Data supplied »
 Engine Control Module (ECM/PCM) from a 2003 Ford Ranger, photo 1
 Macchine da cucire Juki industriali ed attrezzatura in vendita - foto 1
--
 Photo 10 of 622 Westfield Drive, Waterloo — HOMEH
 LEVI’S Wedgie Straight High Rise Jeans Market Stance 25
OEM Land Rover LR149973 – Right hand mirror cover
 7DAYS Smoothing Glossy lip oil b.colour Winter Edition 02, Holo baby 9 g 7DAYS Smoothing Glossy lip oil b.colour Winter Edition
---
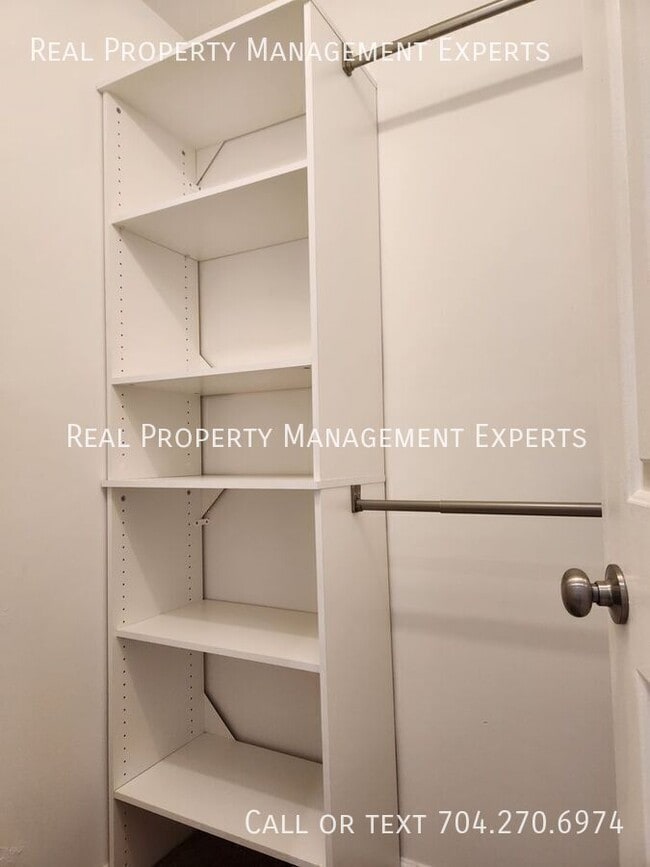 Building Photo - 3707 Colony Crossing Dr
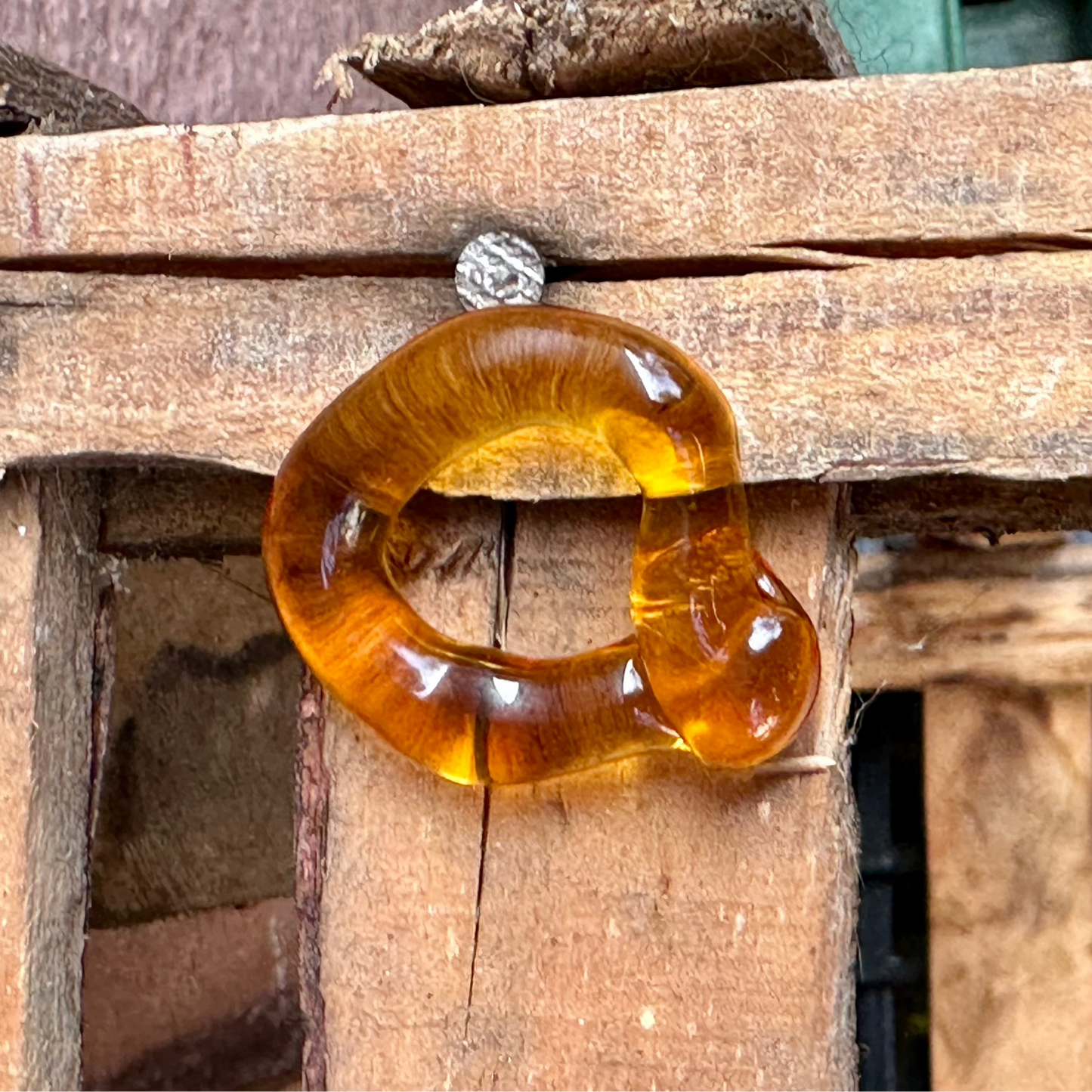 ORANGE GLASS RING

Task to complete »
Within the material above, copy exactly the lines from the line that holds "Engine Control Module" up to and including the line that holds "Macchine da cucire".

Answer space »
 Engine Control Module (ECM/PCM) from a 2003 Ford Ranger, photo 1
 Macchine da cucire Juki industriali ed attrezzatura in vendita - foto 1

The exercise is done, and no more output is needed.